This may be a little late, but I'll second Roy's recommendation of a Retro.  Additionally, if you've got an end left over from your pen blank, you can turn a replacement dome for the cap.  Adds a lot to it.  I've done about a dozen of them that way, but I don't have any good pictures of them.  Here's one i just shot with my cell phone of two.  Not great, but you can get the idea.  retro pens.  Aaron Lau sells the component sets, and the Jr. gent/statesman bushings will work with them.  Definitely pair the pen with an upgrade nib, and check with your friend on whether she wants XF, F, or M nib before you order one.

HTH,
dow


----------



## Smitty37 (Mar 20, 2012)

*Hmmmm*



OKLAHOMAN said:


> might be a little BIG for most woman. Another thought is the Retro.Here are a couple off photos: 1st a Retro with Gator and Black Bakelite second an Emperor with Gator and black PR


 Unless of course, she is like one of my sisters-in-law (God rest her soul) who had a hand big enough to play center for the Lakers.  Came from a family that half of them were tall with large hands (and feet) and she was not an exception.  At 5'10" tall we were the same height but her hands were much bigger than mine.


----------



## avbill (Mar 20, 2012)

If you are doing a gator  you first have to decide if you are buying the blank  or are you casting the blank.  I buy my gator blanks from Roy  / Mr.
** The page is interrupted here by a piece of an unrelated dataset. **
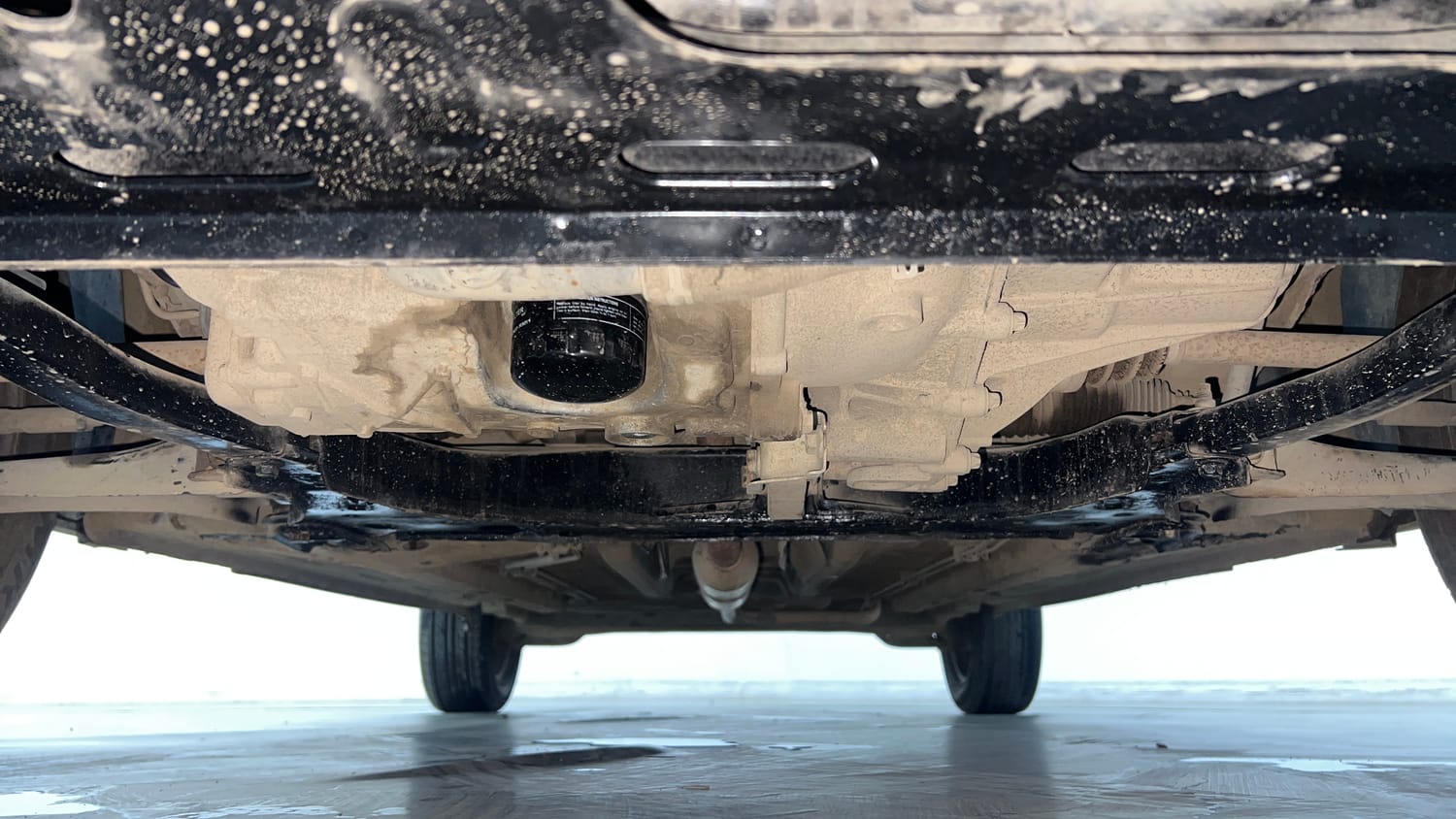 Used 2021 Nissan Magnite XL Petrol Manual extra FRONT LEFT UNDERBODY VIEW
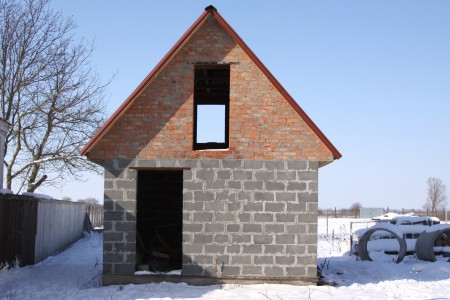 Коробка сельского дома под крышей из металлочерепицы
Classic Nibs.com  I believe he only carries Jr  and Full Statesmen sizes.  

If you are castings the blank you can do any one of the fountain pen kits


----------



## 76winger (Mar 20, 2012)

Shock me said:


> I've had some pretty strong negative reactions to the Nouveau Sceptre because the tip is rather, well I'll just go ahead and say it, rather phallic. It's pretty much a deal-breaker if they notice...



Interesting (and probably for a different thread), I've only made one as a fountain pen so far but hand no problems with it, and it wrote beautifully, even with the stock nib. And what makes the Nouveau Sceptre nice is basically what Andy said earlier.  I think the elegant curves on the section and final give the Sceptre a beauty that many other component set pens can only be described as "blocky" by comparison. That's what makes it attractive to many. Definitely one of my better sellers.


----------



## Smitty37 (Mar 21, 2012)

*Hmmmm*



Shock me said:


> I've had some pretty strong negative reactions to the Nouveau Sceptre because the tip is rather, well I'll just go ahead and say it, rather phallic. It's pretty much a deal-breaker if they notice...


 My guess it that is because the piece the tip screws into is probably interchangeable between the fountain pen and rollerball.  To be honest it dosen't look like that to me.


----------



## dow (Mar 21, 2012)

Sorry, I messed up the link in my previous quote.  Please try this one.  

LINK TO RETRO PICTURE

Once again, sorry for the messed up link.

Oh, and here's a link to a great tutorial in the library:  Thin Custom Finials

Thanks,
Dow



dow said:


> ...you can turn a replacement dome for the cap...  Here's a just shot with my cell phone of two.  Not great, but you can get the idea.  retro pens ...


----------



## DavidWayne1971 (Apr 2, 2012)

Thanks to everyone for the input. And a special thanks to Roy over at Classicnibs for the kits, and tkbarron for the blanks. She fell in love with the pen, she said she couldnt imagine it looking any more beautiful than it did. Ill be posting a couple pics in SOYP in a few minutes


----------



## joefyffe (Apr 4, 2012)

Ah Yes!!    +1 for Roy and Indy-Pen-Dance!!!!!:highfive::highfive::highfive:





OKLAHOMAN said:


> I second the Jr. Statesman. High quality, & good looking with Gator to boot.


----------